ColumnNames returns a copy of the associated column names, indexed by dimension (0-based). Unset names are returned as empty strings.

func (*Flat[ID]) Delete

func (f *Flat[ID]) Delete(id ID) bool

Delete removes a vector by id.

func (*Flat[ID]) Dim

func (f *Flat[ID]) Dim() int

Dim returns the configured dimension. Zero means unset.

func (*Flat[ID]) Len

func (f *Flat[ID]) Len() int

Len returns the number of stored vectors.

func (*Flat[ID]) Load added in v0.8.4

func (f *Flat[ID]) Load(r io.Reader, opts ...PersistOption[ID]) error

Load replaces the flat index with data read from r.

func (*Flat[ID]) Metric

func (f *Flat[ID]) Metric() Metric

Metric returns the configured distance metric.

func (*Flat[ID]) Save added in v0.8.4

func (f *Flat[ID]) Save(w io.Writer, opts ...PersistOption[ID]) error

Save writes the flat index to w.

func (*Flat[ID]) Search

func (f *Flat[ID]) Search(k int, query ...float32) []Result[ID]

Search returns the k closest vectors to query.

func (*Flat[ID]) SearchWeighted

func (f *Flat[ID]) SearchWeighted(k int, queries ...WeightedQuery) []Result[ID]

SearchWeighted returns the k closest vectors to the weighted query sum, normalizing weights by the sum of absolute weights.

func (*Flat[ID]) SearchWeightedWithOptions

func (f *Flat[ID]) SearchWeightedWithOptions(k int, queries []WeightedQuery, opts ...SearchOption[ID]) []Result[ID]

SearchWeightedWithOptions returns the k closest vectors to the weighted query sum with options applied.

func (*Flat[ID]) SearchWithOptions

func (f *Flat[ID]) SearchWithOptions(k int, query []float32, opts ...SearchOption[ID]) []Result[ID]

SearchWithOptions returns the k closest vectors to query with options applied.

func (*Flat[ID]) SetColumnName added in v0.8.5

func (f *Flat[ID]) SetColumnName(dim int, name string) error

SetColumnName sets the associated column name for the given dimension (0-based).

func (*Flat[ID]) SetColumnNames added in v0.8.7

func (f *Flat[ID]) SetColumnNames(names ...string) error

SetColumnNames replaces all associated column names, indexed by dimension (0-based).

func (*Flat[ID]) Upsert

func (f *Flat[ID]) Upsert(id ID, vector ...float32) error

Upsert inserts or updates a vector.

func (*Flat[ID]) Vector

func (f *Flat[ID]) Vector(id ID) ([]float32, bool)

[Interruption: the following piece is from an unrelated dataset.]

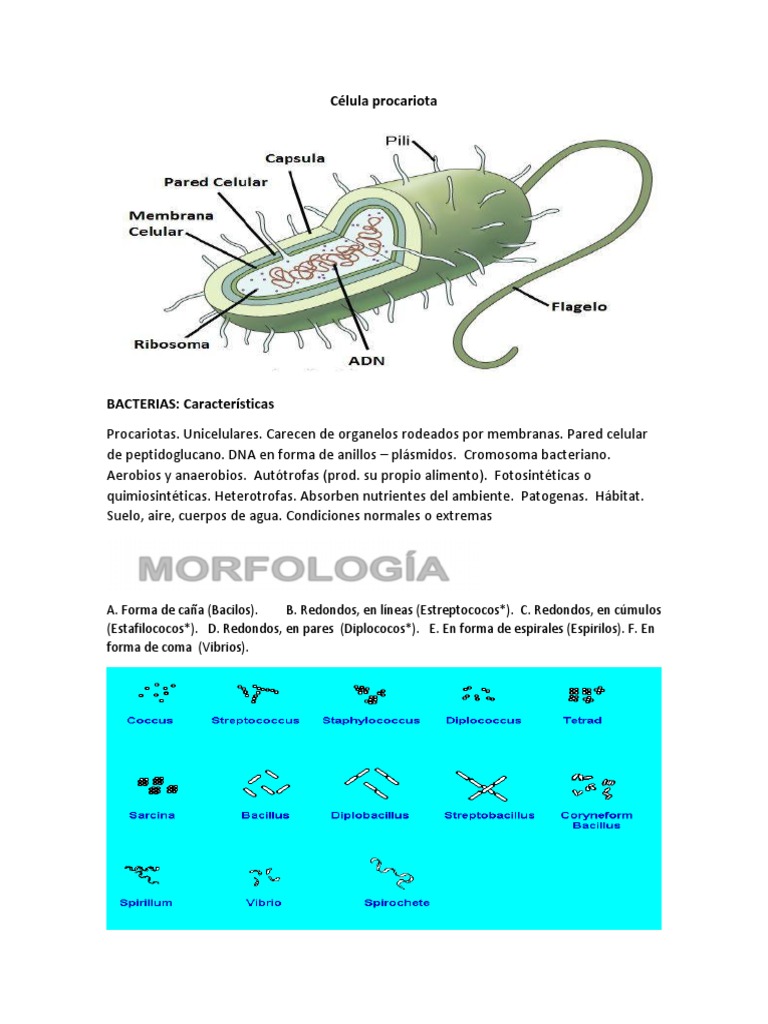 Célula Procariota | PDF | Las bacterias | Pared celular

Vector returns a copy of the vector for an id, if present.

type HNSW

type HNSW[ID comparable] struct {
	// contains filtered or unexported fields
}

HNSW is an approximate in-memory vector index.

func NewHNSW

func NewHNSW[ID comparable](dim int, opts ...Option) *HNSW[ID]

NewHNSW creates a new HNSW index. If dim is zero, the first insert sets the dimension. Type parameters:

  • ID: a comparable identifier used as the primary key for update/delete/lookup.

func (*HNSW[ID]) Add

func (h *HNSW[ID]) Add(id ID, vector ...float32) error

Add inserts a new vector. Returns ErrIDExists if id already exists.

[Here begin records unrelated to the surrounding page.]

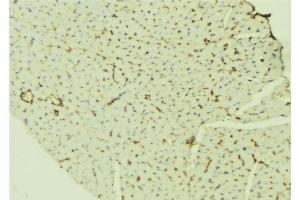 ABIN6276525 at 1/100 staining Mouse liver tissue by IHC-P. (TTR antibody  (C-Term))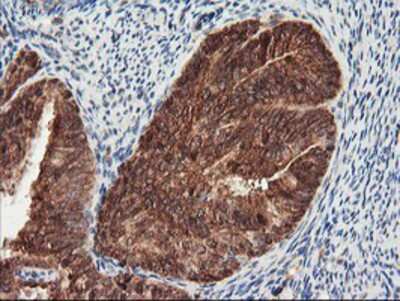 Immunohistochemistry-Paraffin: PSMA4 Antibody (OTI4B8) [NBP2-01608]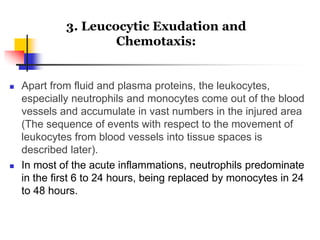  Apart from fluid and plasma proteins, the leukocytes,
especially neutrophils and monocytes come out of the blood
vessels and accumulate in vast numbers in the injured area
(The sequence of events with respect to the movement of
leukocytes from blood vessels into tissue spaces is
described later).
 In most of the acute inflammations, neutrophils predominate
in the first 6 to 24 hours, being replaced by monocytes in 24
to 48 hours.
3. Leucocytic Exudation and
Chemotaxis:
 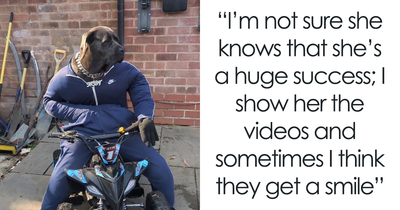 Hilarious Videos Of Mist The Cane Corso Dressed As Human Go Viral, Earn Her Over 1K A Month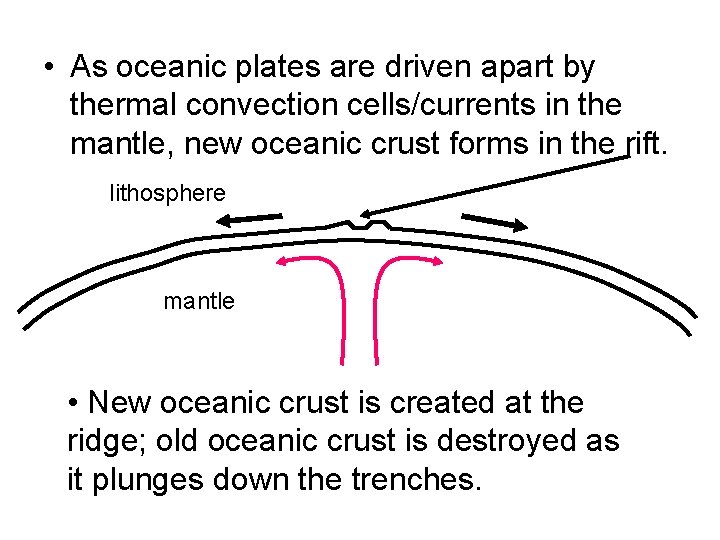  • As oceanic plates are driven apart by thermal convection cells/currents in the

func (*HNSW[ID]) BatchUpsert added in v0.8.7

func (h *HNSW[ID]) BatchUpsert(ids []ID, vectors [][]float32) error

BatchUpsert inserts or updates multiple vectors. Updates are implemented as delete + add.

func (*HNSW[ID]) Clear added in v0.8.3

func (h *HNSW[ID]) Clear(keepCapacity bool)

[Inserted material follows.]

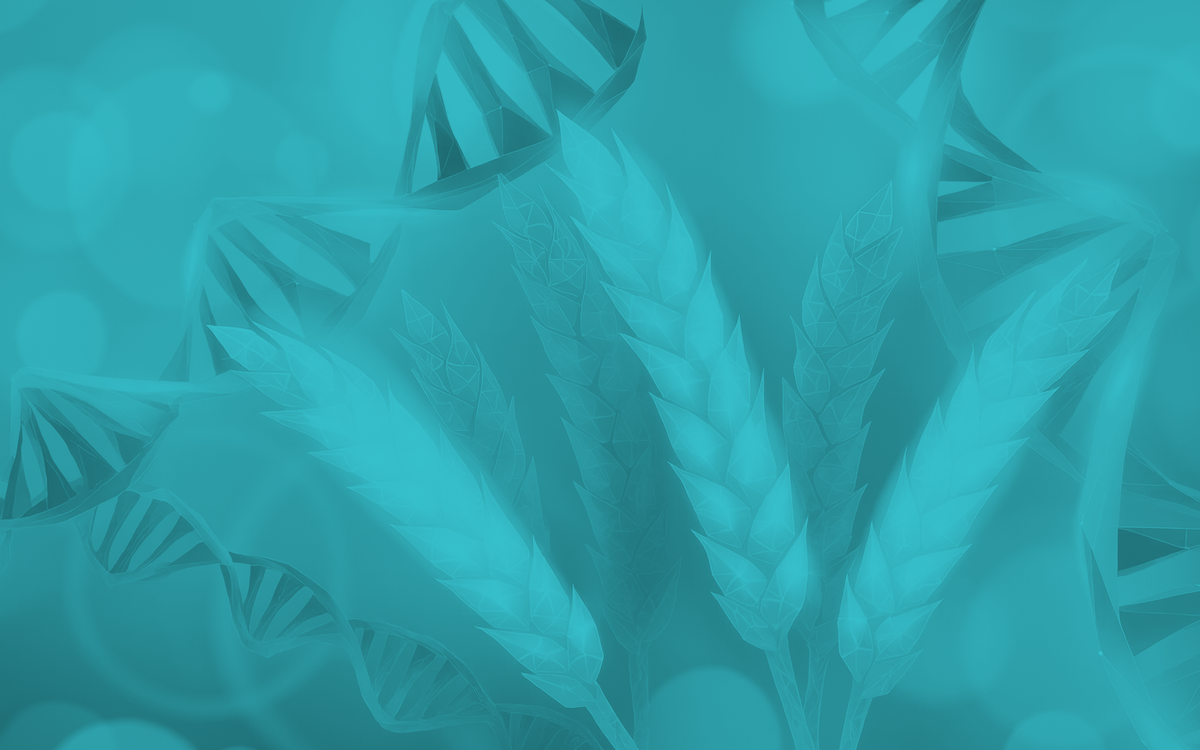 Độc lạ lúa mì chỉnh sửa gene có khả năng 'tự tạo' phân bón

Clear removes all vectors from the index. If keepCapacity is true, backing storage is retained for reuse.

func (*HNSW[ID]) ColumnName added in v0.8.5

func (h *HNSW[ID]) ColumnName(dim int) (string, bool)

ColumnName returns the associated column name for the given dimension (0-based).

func (*HNSW[ID]) ColumnNames added in v0.8.6

func (h *HNSW[ID]) ColumnNames() []string

ColumnNames returns a copy of the associated column names, indexed by dimension (0-based). Unset names are returned as empty strings.

func (*HNSW[ID]) Delete

func (h *HNSW[ID]) Delete(id ID) bool

Delete removes a vector by id.

func (*HNSW[ID]) Dim

func (h *HNSW[ID]) Dim() int

Dim returns the configured dimension. Zero means unset.

func (*HNSW[ID]) Len

func (h *HNSW[ID]) Len() int

Len returns the number of live vectors.

func (*HNSW[ID]) Load added in v0.8.4

func (h *HNSW[ID]) Load(r io.Reader, opts ...PersistOption[ID]) error

Load replaces the HNSW index with data read from r.

func (*HNSW[ID]) Metric

func (h *HNSW[ID]) Metric() Metric

Metric returns the configured distance metric.

func (*HNSW[ID]) Save added in v0.8.4

func (h *HNSW[ID]) Save(w io.Writer, opts ...PersistOption[ID]) error

Save writes the HNSW index to w, preserving graph structure.

func (*HNSW[ID]) Search

func (h *HNSW[ID]) Search(k int, query ...float32) []Result[ID]

Search returns the k closest vectors to query.

func (*HNSW[ID]) SearchWeighted

func (h *HNSW[ID]) SearchWeighted(k int, queries ...WeightedQuery) []Result[ID]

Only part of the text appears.